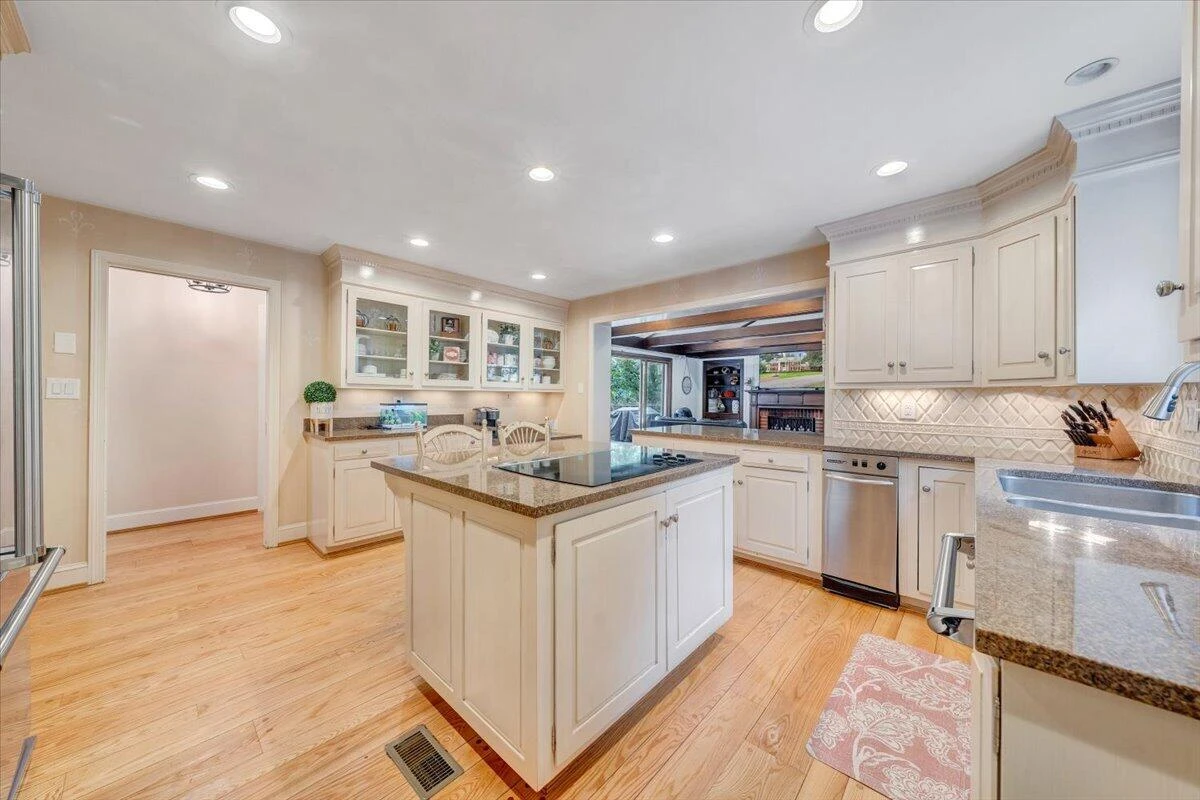 4949 Buckhorn RD - Photo 19
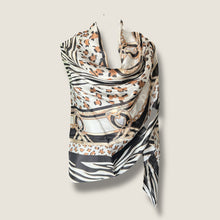 Carica l'immagine nel visualizzatore di Gallery, Sciarpa stola pura seta
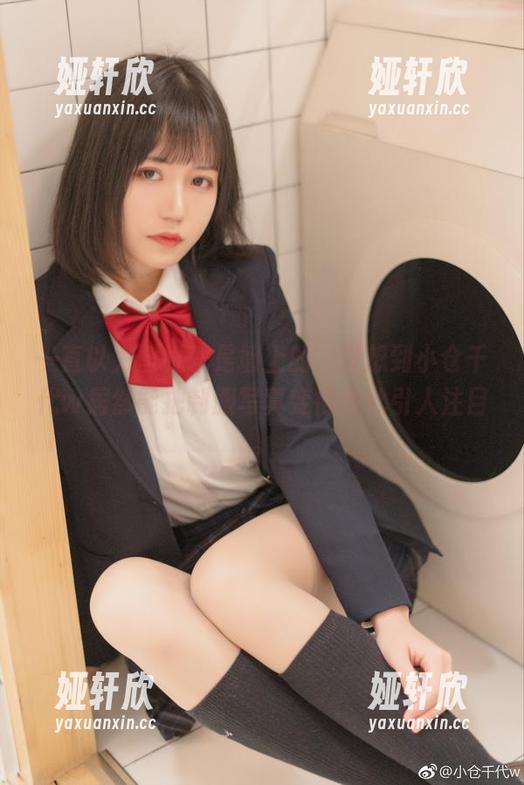 一直以为壁纸就是墙上的，没想到小仓千代w居然能把制服写真变得如此引人注目。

» REQUIRED WORK: Copy all the material word for word, minus its pictures.

» ANSWER FOR THE TASK:
 4949 Buckhorn RD - Photo 19
 Carica l'immagine nel visualizzatore di Gallery, Sciarpa stola pura seta
 一直以为壁纸就是墙上的，没想到小仓千代w居然能把制服写真变得如此引人注目。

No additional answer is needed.